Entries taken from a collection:

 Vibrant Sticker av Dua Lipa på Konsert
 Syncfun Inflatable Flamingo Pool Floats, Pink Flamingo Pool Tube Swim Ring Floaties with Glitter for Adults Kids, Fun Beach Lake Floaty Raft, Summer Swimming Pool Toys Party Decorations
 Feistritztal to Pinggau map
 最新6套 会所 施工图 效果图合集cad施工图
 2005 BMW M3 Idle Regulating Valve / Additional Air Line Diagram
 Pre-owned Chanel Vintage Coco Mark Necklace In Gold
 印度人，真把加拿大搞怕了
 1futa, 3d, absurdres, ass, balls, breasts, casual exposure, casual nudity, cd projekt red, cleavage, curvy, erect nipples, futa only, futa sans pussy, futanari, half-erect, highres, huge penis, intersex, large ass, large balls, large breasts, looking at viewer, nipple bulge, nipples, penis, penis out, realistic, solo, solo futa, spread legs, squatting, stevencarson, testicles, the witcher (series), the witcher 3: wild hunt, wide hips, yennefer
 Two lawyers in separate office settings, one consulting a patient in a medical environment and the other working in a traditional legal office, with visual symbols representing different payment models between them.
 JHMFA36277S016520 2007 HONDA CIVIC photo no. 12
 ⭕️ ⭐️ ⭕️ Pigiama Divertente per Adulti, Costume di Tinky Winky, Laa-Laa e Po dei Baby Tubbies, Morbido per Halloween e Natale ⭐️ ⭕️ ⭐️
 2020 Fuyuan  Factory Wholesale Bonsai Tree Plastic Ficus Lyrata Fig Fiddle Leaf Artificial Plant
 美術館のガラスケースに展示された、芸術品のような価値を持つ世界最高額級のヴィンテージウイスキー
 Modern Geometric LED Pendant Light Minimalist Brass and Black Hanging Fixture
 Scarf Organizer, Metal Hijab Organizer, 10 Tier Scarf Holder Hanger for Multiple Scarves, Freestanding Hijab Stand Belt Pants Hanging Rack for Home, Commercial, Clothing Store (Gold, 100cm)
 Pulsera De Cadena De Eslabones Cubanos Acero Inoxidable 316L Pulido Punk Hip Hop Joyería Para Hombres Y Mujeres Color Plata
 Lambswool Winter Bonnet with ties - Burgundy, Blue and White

**What to produce:** The answer must consist solely of the lines from the first line of the data to the line holding "印度人，真把加拿大搞怕了", each given again exactly.

**Solution below:**
 Vibrant Sticker av Dua Lipa på Konsert
 Syncfun Inflatable Flamingo Pool Floats, Pink Flamingo Pool Tube Swim Ring Floaties with Glitter for Adults Kids, Fun Beach Lake Floaty Raft, Summer Swimming Pool Toys Party Decorations
 Feistritztal to Pinggau map
 最新6套 会所 施工图 效果图合集cad施工图
 2005 BMW M3 Idle Regulating Valve / Additional Air Line Diagram
 Pre-owned Chanel Vintage Coco Mark Necklace In Gold
 印度人，真把加拿大搞怕了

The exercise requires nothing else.